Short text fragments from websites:
━━━

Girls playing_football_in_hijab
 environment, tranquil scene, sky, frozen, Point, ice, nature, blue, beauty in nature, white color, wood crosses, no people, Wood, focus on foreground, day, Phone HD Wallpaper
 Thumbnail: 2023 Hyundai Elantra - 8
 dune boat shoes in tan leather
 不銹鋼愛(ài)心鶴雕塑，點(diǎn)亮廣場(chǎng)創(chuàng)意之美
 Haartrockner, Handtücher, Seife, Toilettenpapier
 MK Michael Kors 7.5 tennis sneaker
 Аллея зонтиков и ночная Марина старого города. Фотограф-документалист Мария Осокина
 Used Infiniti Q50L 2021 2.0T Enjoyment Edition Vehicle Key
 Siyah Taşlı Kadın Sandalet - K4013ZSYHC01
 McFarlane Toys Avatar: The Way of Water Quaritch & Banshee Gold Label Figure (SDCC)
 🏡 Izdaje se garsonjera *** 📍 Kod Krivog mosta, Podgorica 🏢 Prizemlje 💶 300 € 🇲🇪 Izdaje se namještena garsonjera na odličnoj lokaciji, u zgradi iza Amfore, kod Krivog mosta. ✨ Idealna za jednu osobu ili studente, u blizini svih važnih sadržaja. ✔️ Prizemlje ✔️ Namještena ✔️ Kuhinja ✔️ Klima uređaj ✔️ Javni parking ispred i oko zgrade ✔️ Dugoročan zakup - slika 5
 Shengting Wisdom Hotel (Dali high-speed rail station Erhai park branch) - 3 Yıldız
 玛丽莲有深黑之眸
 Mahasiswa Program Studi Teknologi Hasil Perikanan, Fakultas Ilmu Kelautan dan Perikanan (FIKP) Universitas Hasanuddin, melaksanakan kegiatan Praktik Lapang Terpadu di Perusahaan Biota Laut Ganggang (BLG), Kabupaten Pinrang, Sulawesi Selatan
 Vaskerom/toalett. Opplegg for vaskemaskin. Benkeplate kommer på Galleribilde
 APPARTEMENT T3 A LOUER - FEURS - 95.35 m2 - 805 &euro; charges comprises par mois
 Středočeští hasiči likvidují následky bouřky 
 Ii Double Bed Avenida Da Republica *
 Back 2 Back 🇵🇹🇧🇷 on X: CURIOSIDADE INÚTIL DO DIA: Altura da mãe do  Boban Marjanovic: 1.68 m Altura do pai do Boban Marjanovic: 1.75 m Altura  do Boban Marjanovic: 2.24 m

━━━

» Activity: Begin with the first line of the data above and, please, print each line exactly until you have printed the line containing "dune boat shoes in tan leather"; print nothing else.

» Expected answer:
Girls playing_football_in_hijab
 environment, tranquil scene, sky, frozen, Point, ice, nature, blue, beauty in nature, white color, wood crosses, no people, Wood, focus on foreground, day, Phone HD Wallpaper
 Thumbnail: 2023 Hyundai Elantra - 8
 dune boat shoes in tan leather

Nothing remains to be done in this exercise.